VENHO DE UM PAÍS SELVAGEM
Alfredo Fressia
Rodrigo Petronio nasceu em São
Paulo em 1975, dizem as fichas biográficas, mas é
claro que ele vem “de um país selvagem”, um país
definitivamente poético e certamente não contaminado
pela prosa. Desse país já havia registro nos seus
livros anteriores: História natural (São
Paulo, 2000), Assinatura do sol (Lisboa, 2005), Pedra
de luz (São Paulo, 2005). É de fato um país
onde só um poeta inspirado, em pleno domínio da linguagem
mas também tomado por ela, poderia ser capaz de perder-se
e de se reencontrar em cada poema, como em cada passo da aventura
humana no Universo. Nem rousseauniano nem junguiano,
Petronio não aceita formular hipóteses nem recorrer
a símbolos ou teses.
Antes nomeia os elementos primeiros, a vida e
a morte, os ancestrais interrogantes, os deuses que o habitam, a
adivinhação nossa de cada amanhecer, o milagre da
eternidade e o desafio do fim. Ele é neste livro um poeta
para quem o amor propiciou o retorno ao magma de onde tudo surge
e que se situa num território nas antípodas do caos.

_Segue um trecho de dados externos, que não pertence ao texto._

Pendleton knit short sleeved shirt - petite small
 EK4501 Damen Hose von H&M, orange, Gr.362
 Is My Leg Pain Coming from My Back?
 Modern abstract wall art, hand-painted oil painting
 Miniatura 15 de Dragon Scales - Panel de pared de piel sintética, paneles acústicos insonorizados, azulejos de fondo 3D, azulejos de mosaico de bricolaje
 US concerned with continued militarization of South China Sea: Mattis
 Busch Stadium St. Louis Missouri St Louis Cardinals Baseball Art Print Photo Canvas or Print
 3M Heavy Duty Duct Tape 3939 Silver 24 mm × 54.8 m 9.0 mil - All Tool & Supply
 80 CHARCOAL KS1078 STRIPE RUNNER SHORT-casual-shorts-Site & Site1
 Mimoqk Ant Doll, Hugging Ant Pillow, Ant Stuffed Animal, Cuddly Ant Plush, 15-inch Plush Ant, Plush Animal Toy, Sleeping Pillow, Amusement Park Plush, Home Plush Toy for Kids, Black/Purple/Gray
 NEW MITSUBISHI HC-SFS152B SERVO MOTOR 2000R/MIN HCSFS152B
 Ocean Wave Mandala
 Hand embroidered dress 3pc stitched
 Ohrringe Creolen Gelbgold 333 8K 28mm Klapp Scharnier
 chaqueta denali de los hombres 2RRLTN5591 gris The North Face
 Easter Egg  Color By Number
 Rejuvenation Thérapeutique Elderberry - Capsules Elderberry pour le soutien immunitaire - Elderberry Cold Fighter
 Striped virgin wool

Neste mundo ordenado há avós, há um pai, há
uma mulher amada – amada até esvaziar o próprio
ser – mas a aventura permanece de todos nós, é
a aventura humana, e por isso ele cria uma poesia generosa, que
inclui o leitor, que conta com ele, que se recusa a existir fora
dele.
Sem dúvida, a lógica desta poesia,
ou da poesia tout court, leva “nossos passos sobre
a terra, entre as algas”. A preposição “entre”
deveria ser a mais reiterada nesta série que nos situa na
certeza de estar numa viagem perpétua, sempre num “ir
para”, ainda que não existam o acima e o abaixo, o
centro e as beiras, uma viagem que deve guiar-se sempre por palavras
entreouvidas, por golpes de intuição, e destruindo
sem piedade as falsas verdades da prosa, de um saber “sensato”
que nos é imposto como um lastro que nos impede o vôo,
esse que era o nosso único destino e que Petronio reencontra
para nós na poesia. Porque ela está além dos
pequenos paradoxos dessa sensata razão imposta, e por isso
nos permite ver o mundo a partir de um grau zero, ou de um grau
novo, ou de um grau velhíssimo, imemorial como a água,
como o pássaro, como o amor ou como os deuses.
Porventura poderia surpreender alguém
que um pensador como Petronio, que expôs suas idéias
filosóficas num livro tão erudito quanto Transversal
do tempo (Recife, 2002), um homem com sólida formação
acadêmica em Filosofia e Letras, com anos de ensino e vários
cursos, que um intelectual desse naipe encontre na poesia a forma
mais precisa de conhecimento, e que essa forma de conhecimento seja
tão diferente dos sabidos procedimentos acadêmicos?
Talvez o diálogo que este livro estabelece com a poesia de
Dora Ferreira da Silva – a quem o poeta dedica um dos mais
belos poemas da série – explique que possam conviver
nele o filósofo que reflete sobre a epistemologia e o poeta
que se entrega a nós com sua verdade mais profunda e paradoxal,
nessa lógica “não-euclidiana” e de ângulos
inesperados que é a da poesia, onde tudo deve ser reinventado,
absoluta e eterna como as carpas negras do tempo.